When all variables are theoretically justified. If every predictor has a clear mechanistic reason to be in the model, removing variables based on empirical CV performance may discard information that matters for interpretation or for predictions in unsampled conditions. In this case, use permutation importance and SHAP for interpretation, but keep the full model.

When the goal is inference, not prediction. Feature selection optimizes predictive performance, which is a different objective from estimating causal effects or testing hypotheses. A variable might be excluded by FFS because it adds noise to predictions, but that same variable might be the one you need to estimate the effect of. For inferential goals, use structured regression approaches (e.g., mixed-effects models with spatial random fields) rather than predictive feature selection.

When the number of candidates is already small. If you have five predictors and 500 blocked observations, the potential benefit of removing one variable is small and the risk of dropping something useful is real. Feature selection pays off when the candidate set is large relative to the effective sample size.

Stacking and ensembling. Some modeling strategies (e.g., stacking multiple learners, or using regularization methods like lasso or elastic net) perform implicit feature selection during fitting. Running explicit feature selection on top of these methods adds complexity without clear benefit. If you use a regularized model, the regularization path itself is your feature selection.

High signal-to-noise ratio with few predictors. If you have three predictors and all of them are strong, well-understood drivers of the response (e.g., temperature, precipitation, and elevation for species distribution modeling), feature selection will retain all three. The computational cost of running FFS or best subset is not justified when the outcome is predetermined by domain knowledge. Save automated feature selection for situations where the candidate set is large enough that human judgment alone cannot reliably identify the useful variables.

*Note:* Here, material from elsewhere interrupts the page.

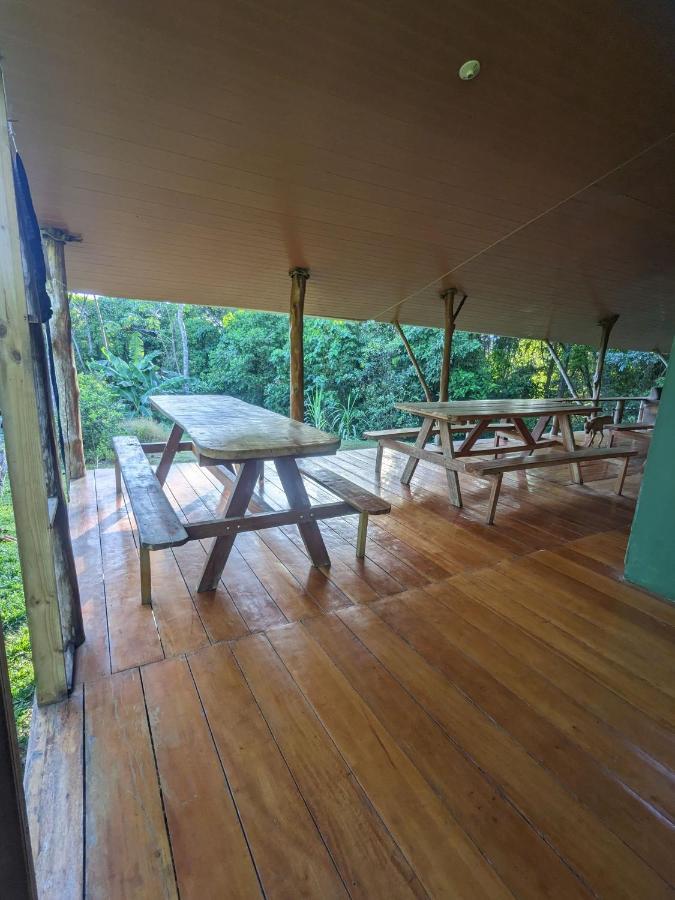 Corcovado Mountain House Hotel Drake Bay Bagian luar foto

Reporting feature selection in publications

When reporting results from spatial feature selection, include:

1. The CV strategy used (spatial blocking, KNNDM, etc.) and the number of folds.
2. Which selection method was applied.
3. The variables selected, the order in which they were added (for FFS), and whether any candidates were pre-screened before selection.
4. The metric used (RMSE, MAE, R-squared) and whether it was minimized or maximized.
5. A stability assessment if feasible (how consistent is the selection across different fold configurations?).
6. The difference in apparent importance between blocked and random CV, if that comparison was made.

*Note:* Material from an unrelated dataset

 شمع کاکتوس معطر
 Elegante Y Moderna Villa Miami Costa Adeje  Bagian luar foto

Transparency about the selection procedure prevents readers from mistaking an optimized variable set for a pre-specified one, and it allows others to reproduce or challenge your choices.

Temporal and grouped data

Although this vignette focuses on spatial autocorrelation, every method described here works identically with temporal or grouped dependencies. The only difference is how borg_cv() generates folds. For temporal data, pass a time argument instead of coords; for grouped data, pass a groups argument. The feature selection functions (borg_forward_selection(), borg_best_subset()) accept any borg_cv object regardless of the blocking strategy used to create it. Similarly, borg_importance() and borg_shap() can operate without coordinates (falling back to random block assignment), but the spatial variants should be preferred whenever coordinate information is available.

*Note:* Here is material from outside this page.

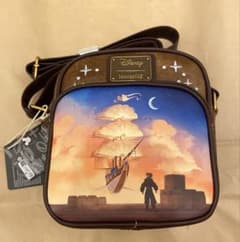 loungefly トレジャープラネット ショルダーバッグ - メルカリ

The same principles apply: blocked folds prevent leakage from dependent observations, and feature selection within those folds produces variable sets that generalize to new time periods or new groups rather than overfitting to within-group or within-period patterns. For temporal data specifically, the leakage problem can be even more severe than for spatial data, because time series often have strong short-range autocorrelation that makes adjacent observations nearly identical. Random CV on such data will almost always select too many variables, since every candidate predictor appears to improve predictions when the test set contains observations from the same time window as the training set.